42. Bakanlık görüşünde, başvurucunun tutuklamaya ilişkin şikâyetleri bakımından 5271 sayılı Kanun'un 141. maddesi kapsamında bir dava açmadan Anayasa Mahkemesine başvurmuş olması nedeniyle mevcut başvurunun kabul edilemez bulunması gerektiği değerlendirilmektedir.

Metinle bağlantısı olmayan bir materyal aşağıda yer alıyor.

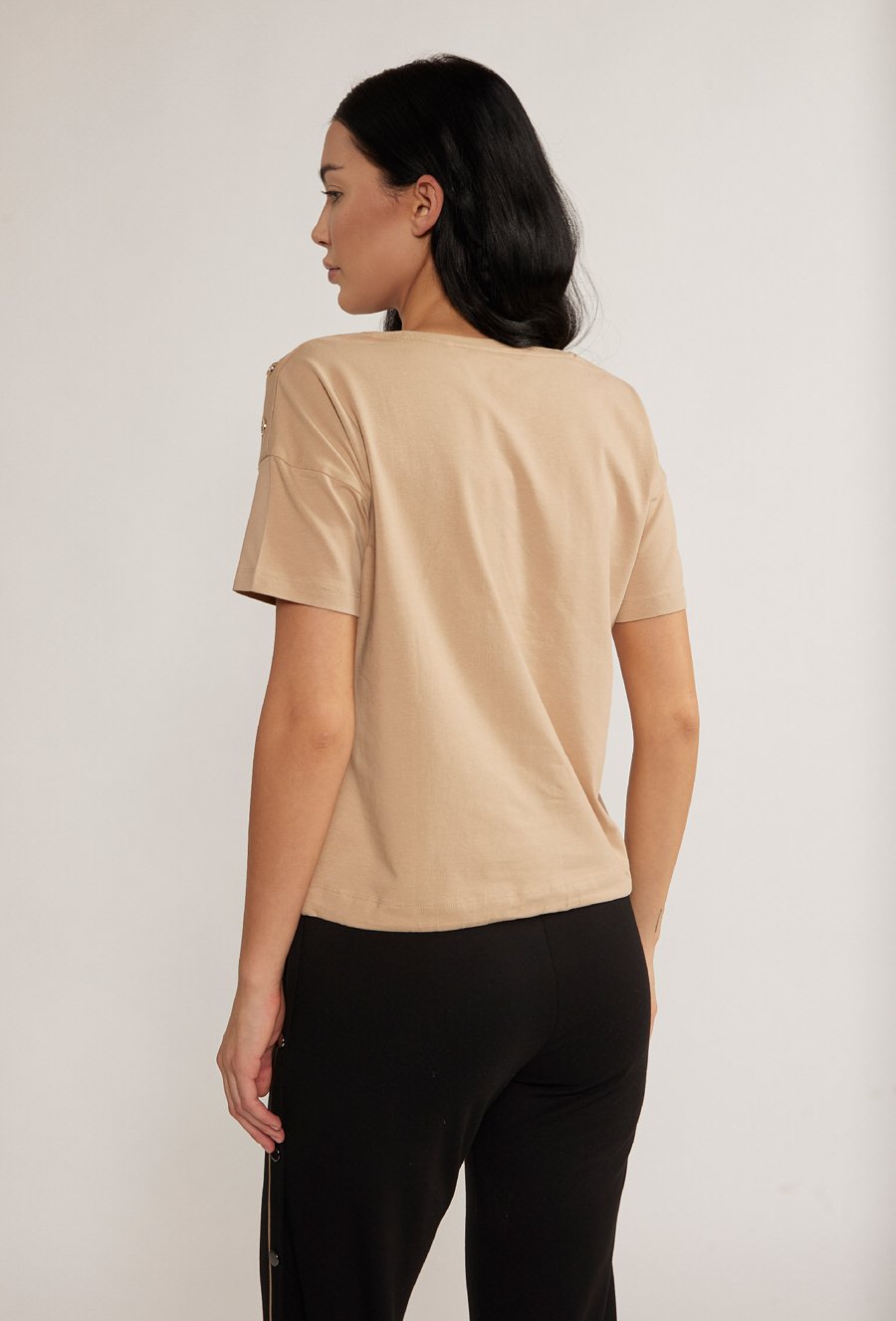 Bawełniany t-shirt damski ze ściągaczem u dołu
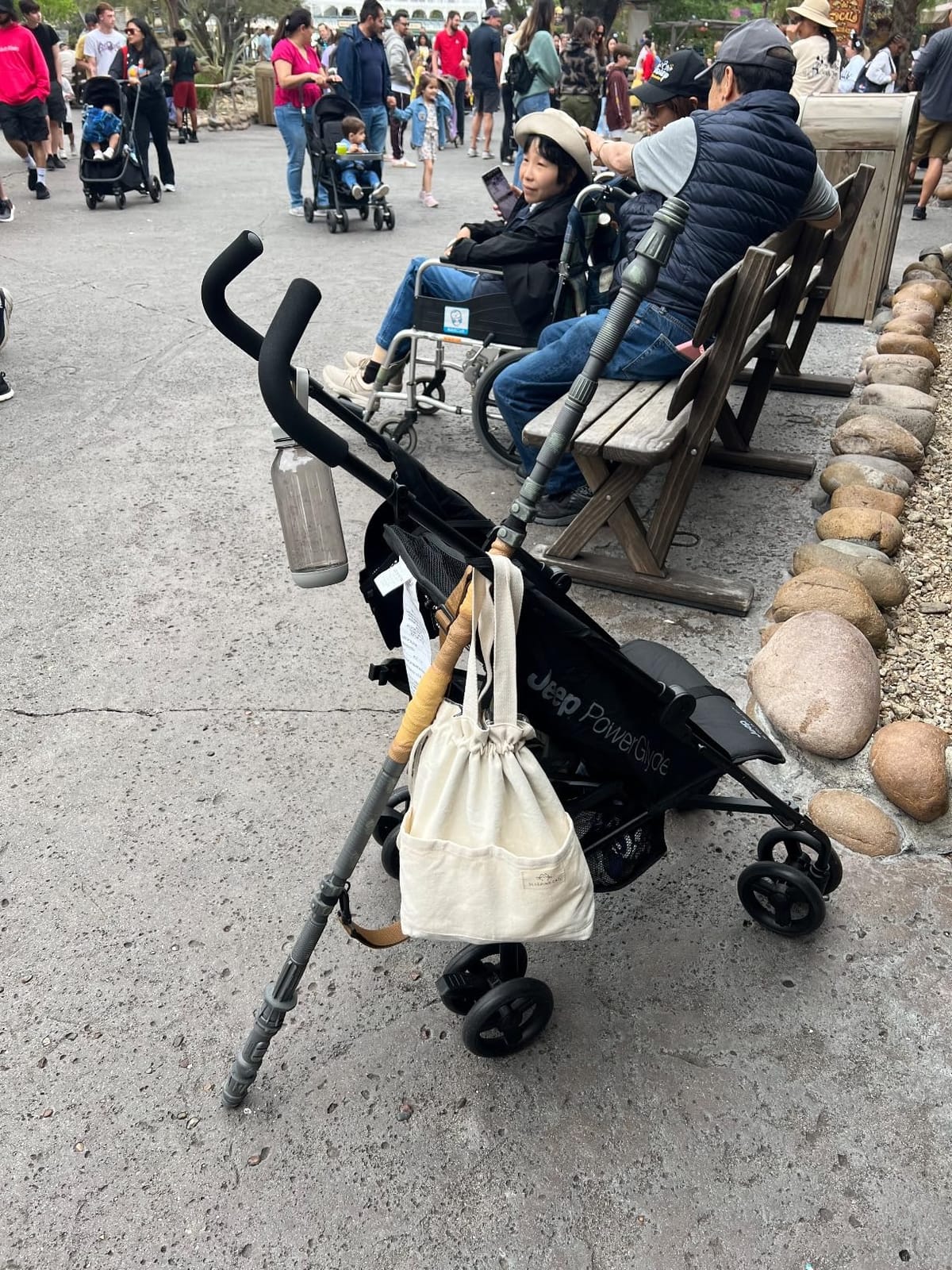 Jeep PowerGlyde Stroller by Delta Children Lightweight Travel Stroller with Smoothest Ride & Compact Fold, 3-Position Recline, Extra Large Storage Basket, Olive Green customer photo 1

Bakanlık, şikâyetin esasına ilişkin olarak ise başvurucu hakkında soruşturma yürütülen suç için öngörülen yaptırımın ağırlığı, işin niteliği ve önemi, ayrıca başvurucunun üyesi olduğu iddia edilen terör örgütünün yapılanma ve toplanma biçimleri de gözönünde bulundurulduğunda dosyada mevcut olan somut delillere dayanılarak başvurucu hakkında uygulanan tutuklama tedbirinin ölçülü olduğu, bu delillerin değerlendirilmesi sonucunda adli kontrol uygulamasının yetersiz kalacağı sonucuna varılmasının keyfî olduğunun savunulamayacağı görüşündedir.
43. Başvurucu, Bakanlık görüşüne karşı beyanında genel olarak başvuru formunda belirttiği iddialarını tekrarlamıştır.
44. Anayasa'nın "Temel hak ve hürriyetlerin sınırlanması" kenar başlıklı 13. maddesi şöyledir:
"Temel hak ve hürriyetler, özlerine dokunulmaksızın yalnızca Anayasanın ilgili maddelerinde belirtilen sebeplere bağlı olarak ve ancak kanunla sınırlanabilir. Bu sınırlamalar, Anayasanın sözüne ve ruhuna, demokratik toplum düzeninin ve lâik Cumhuriyetin gereklerine ve ölçülülük ilkesine aykırı olamaz."
45. Anayasa'nın "Kişi hürriyeti ve güvenliği" kenar başlıklı 19. maddesinin birinci fıkrası ile üçüncü fıkrasının birinci cümlesi şöyledir:
"Herkes, kişi hürriyeti ve güvenliğine sahiptir.
...
Suçluluğu hakkında kuvvetli belirti bulunan kişiler, ancak kaçmalarını, delillerin yokedilmesini veya değiştirilmesini önlemek maksadıyla veya bunlar gibi tutuklamayı zorunlu kılan ve kanunda gösterilen diğer hallerde hâkim kararıyla tutuklanabilir."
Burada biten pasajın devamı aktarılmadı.